Each line from the beginning of the data below through the line containing "Homewear|Homewear| Sweatjacke mauve-meliert" should be repeated exactly, please.
[Opening PROVIDED DATA section]
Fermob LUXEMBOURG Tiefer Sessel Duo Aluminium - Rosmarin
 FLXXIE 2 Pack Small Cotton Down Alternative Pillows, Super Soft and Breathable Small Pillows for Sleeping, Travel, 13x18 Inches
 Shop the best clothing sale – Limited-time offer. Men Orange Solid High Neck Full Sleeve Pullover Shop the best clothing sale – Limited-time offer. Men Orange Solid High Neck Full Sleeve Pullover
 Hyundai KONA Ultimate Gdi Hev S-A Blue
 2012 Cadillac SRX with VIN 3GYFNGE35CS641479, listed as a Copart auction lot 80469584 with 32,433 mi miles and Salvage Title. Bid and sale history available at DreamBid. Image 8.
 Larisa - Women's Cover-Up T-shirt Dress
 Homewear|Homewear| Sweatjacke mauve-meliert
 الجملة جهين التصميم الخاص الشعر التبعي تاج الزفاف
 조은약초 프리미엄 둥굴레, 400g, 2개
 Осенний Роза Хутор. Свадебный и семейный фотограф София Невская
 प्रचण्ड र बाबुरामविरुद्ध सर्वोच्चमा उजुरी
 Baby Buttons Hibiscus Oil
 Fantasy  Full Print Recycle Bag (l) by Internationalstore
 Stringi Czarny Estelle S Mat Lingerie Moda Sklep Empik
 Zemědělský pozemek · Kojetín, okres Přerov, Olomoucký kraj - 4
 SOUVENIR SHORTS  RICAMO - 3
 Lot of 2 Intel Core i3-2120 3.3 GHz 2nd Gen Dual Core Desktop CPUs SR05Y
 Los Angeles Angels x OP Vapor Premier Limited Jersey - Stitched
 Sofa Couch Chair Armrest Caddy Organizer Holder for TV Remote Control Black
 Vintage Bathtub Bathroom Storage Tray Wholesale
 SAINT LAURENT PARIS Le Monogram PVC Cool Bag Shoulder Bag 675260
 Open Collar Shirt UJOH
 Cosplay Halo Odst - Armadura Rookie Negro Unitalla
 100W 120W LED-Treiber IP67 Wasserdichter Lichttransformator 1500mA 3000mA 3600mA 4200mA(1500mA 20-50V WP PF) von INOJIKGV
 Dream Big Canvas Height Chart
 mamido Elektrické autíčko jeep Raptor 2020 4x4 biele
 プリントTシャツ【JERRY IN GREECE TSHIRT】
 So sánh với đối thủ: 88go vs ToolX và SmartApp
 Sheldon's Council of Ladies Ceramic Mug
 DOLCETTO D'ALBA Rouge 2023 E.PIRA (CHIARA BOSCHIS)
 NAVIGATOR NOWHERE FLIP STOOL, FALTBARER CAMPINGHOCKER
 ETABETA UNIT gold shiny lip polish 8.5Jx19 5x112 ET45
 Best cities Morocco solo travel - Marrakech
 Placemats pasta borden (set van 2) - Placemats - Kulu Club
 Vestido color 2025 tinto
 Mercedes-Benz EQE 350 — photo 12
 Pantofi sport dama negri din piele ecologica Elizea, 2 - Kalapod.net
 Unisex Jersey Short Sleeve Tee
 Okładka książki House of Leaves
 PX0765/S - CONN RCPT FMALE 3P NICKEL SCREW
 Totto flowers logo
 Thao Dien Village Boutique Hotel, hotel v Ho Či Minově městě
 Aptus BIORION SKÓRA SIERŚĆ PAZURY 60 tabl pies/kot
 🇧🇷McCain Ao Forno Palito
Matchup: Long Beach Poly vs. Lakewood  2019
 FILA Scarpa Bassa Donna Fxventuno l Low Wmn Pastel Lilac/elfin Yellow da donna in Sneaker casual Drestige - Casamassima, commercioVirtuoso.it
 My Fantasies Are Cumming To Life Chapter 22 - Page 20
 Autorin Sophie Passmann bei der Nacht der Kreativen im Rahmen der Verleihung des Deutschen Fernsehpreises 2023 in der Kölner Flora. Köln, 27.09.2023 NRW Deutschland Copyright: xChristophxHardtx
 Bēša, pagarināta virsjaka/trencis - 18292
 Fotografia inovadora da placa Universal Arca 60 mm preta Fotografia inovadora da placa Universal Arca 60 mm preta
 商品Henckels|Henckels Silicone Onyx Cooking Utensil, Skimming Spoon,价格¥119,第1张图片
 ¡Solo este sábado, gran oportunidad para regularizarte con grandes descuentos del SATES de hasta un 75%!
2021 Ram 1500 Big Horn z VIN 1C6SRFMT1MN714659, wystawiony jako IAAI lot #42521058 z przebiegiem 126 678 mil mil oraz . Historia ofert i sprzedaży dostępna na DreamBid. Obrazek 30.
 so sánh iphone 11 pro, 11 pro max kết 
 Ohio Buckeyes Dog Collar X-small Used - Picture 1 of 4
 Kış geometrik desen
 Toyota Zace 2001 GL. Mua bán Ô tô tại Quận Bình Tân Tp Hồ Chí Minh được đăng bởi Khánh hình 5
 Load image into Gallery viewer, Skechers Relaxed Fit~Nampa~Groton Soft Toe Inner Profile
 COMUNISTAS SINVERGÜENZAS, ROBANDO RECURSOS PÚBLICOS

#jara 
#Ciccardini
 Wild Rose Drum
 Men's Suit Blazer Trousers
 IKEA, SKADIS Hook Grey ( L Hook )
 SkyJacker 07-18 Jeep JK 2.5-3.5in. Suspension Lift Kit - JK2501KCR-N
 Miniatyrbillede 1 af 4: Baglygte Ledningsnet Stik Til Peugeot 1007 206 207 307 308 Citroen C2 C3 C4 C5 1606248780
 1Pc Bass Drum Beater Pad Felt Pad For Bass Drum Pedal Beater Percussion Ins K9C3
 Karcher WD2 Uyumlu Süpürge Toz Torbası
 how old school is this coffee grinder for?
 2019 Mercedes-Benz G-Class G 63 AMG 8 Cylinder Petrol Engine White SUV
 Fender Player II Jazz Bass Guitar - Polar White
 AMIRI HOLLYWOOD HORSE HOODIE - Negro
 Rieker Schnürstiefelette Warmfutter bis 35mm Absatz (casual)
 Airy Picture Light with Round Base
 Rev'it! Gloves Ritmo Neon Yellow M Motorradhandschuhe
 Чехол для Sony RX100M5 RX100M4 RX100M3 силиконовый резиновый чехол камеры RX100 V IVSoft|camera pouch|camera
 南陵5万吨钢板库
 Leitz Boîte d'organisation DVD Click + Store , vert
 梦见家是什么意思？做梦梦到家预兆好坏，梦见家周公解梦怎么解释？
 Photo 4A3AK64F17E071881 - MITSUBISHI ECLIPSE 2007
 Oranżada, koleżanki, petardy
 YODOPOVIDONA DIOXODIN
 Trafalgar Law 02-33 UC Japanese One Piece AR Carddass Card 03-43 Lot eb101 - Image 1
[Closing PROVIDED DATA section]
**YOUR RESPONSE**
Fermob LUXEMBOURG Tiefer Sessel Duo Aluminium - Rosmarin
 FLXXIE 2 Pack Small Cotton Down Alternative Pillows, Super Soft and Breathable Small Pillows for Sleeping, Travel, 13x18 Inches
 Shop the best clothing sale – Limited-time offer. Men Orange Solid High Neck Full Sleeve Pullover Shop the best clothing sale – Limited-time offer. Men Orange Solid High Neck Full Sleeve Pullover
 Hyundai KONA Ultimate Gdi Hev S-A Blue
 2012 Cadillac SRX with VIN 3GYFNGE35CS641479, listed as a Copart auction lot 80469584 with 32,433 mi miles and Salvage Title. Bid and sale history available at DreamBid. Image 8.
 Larisa - Women's Cover-Up T-shirt Dress
 Homewear|Homewear| Sweatjacke mauve-meliert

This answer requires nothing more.